= Problem description =
Aside from the pictures, copy the listing exactly.

= Information shown =

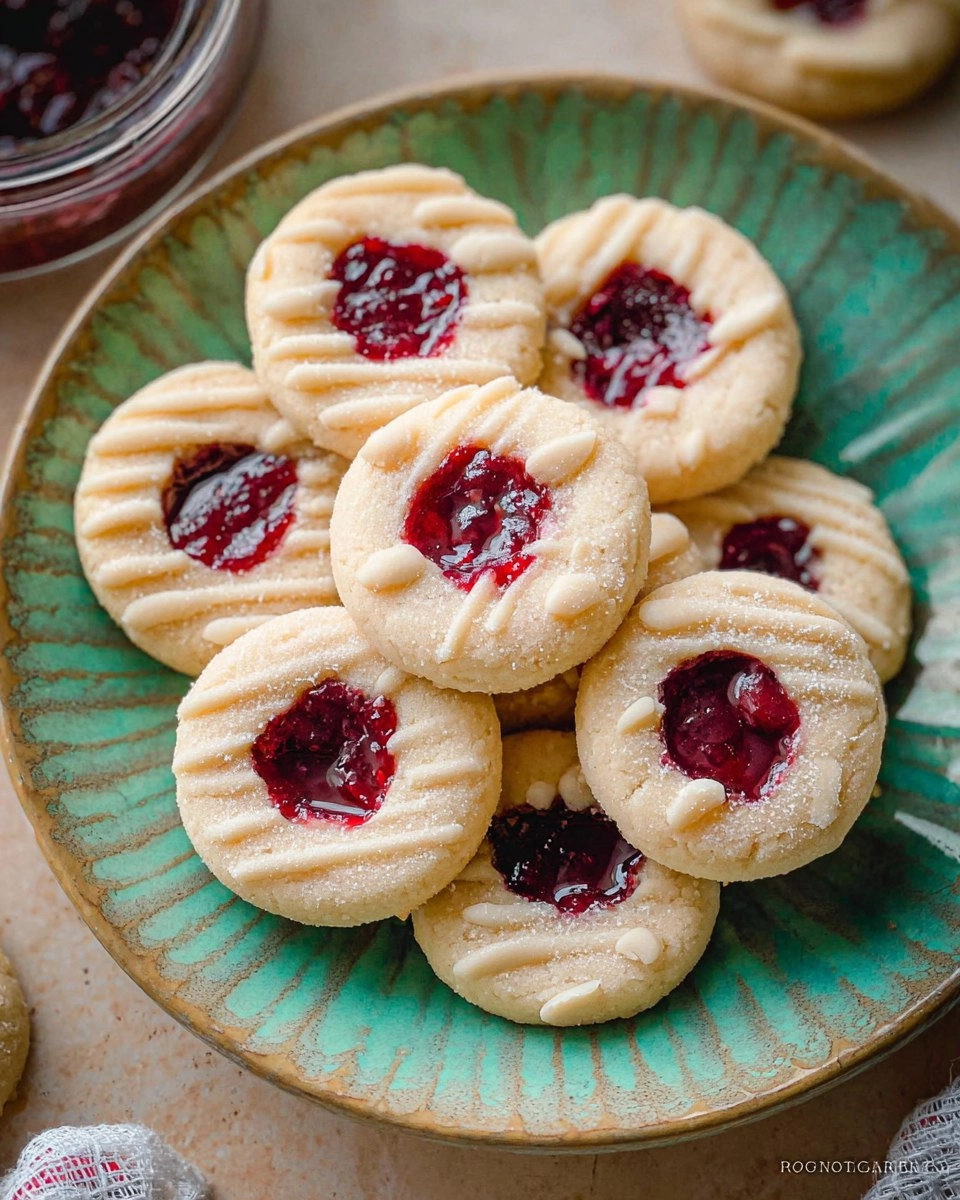 Raspberry Almond Thumbprint Cookies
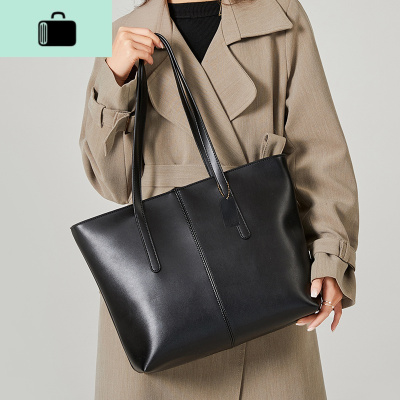 包包女欧美2020新款大容量简约托特包百搭皮单肩女包时尚手提包NEW LAKE 黑色女士单肩包
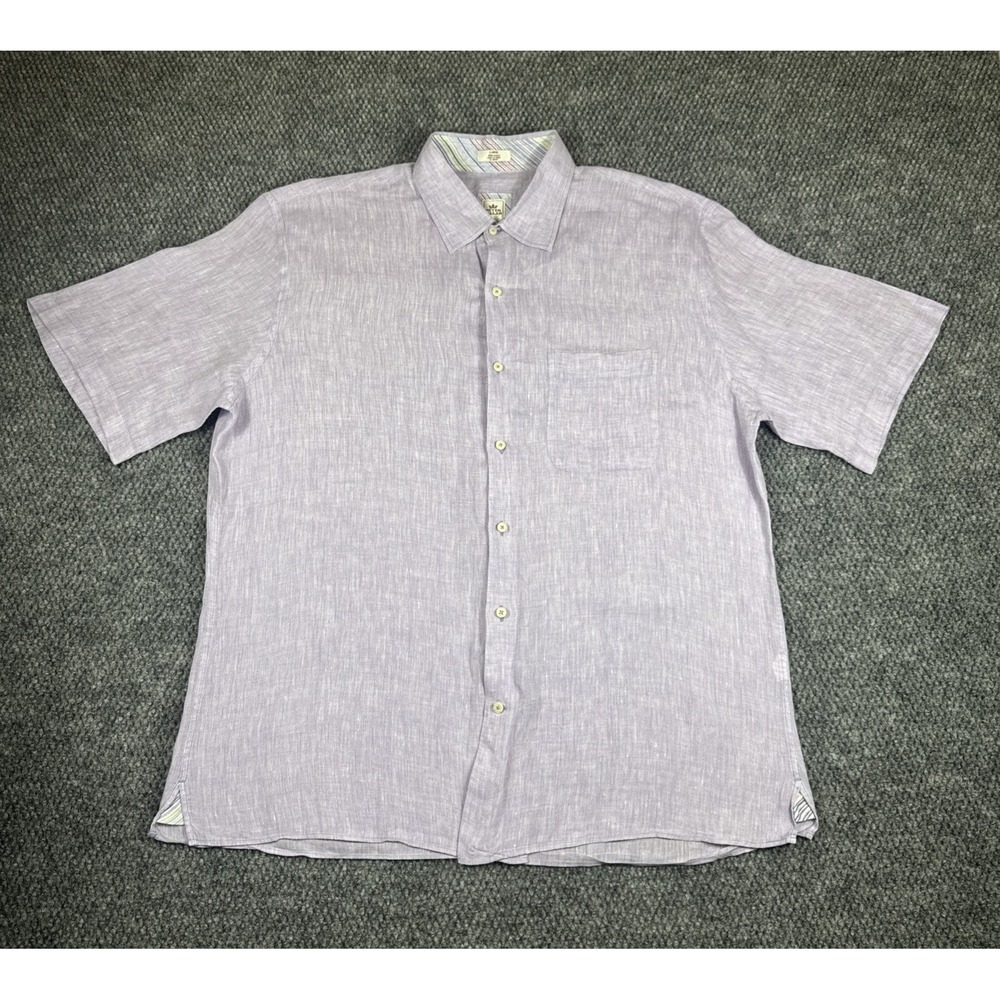 PETER MILLAR Crown Men's 100% Linen Purple Polo‎ Button Down Shirt Size Large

= Response to the exercise =
 Raspberry Almond Thumbprint Cookies
 包包女欧美2020新款大容量简约托特包百搭皮单肩女包时尚手提包NEW LAKE 黑色女士单肩包
 PETER MILLAR Crown Men's 100% Linen Purple Polo‎ Button Down Shirt Size Large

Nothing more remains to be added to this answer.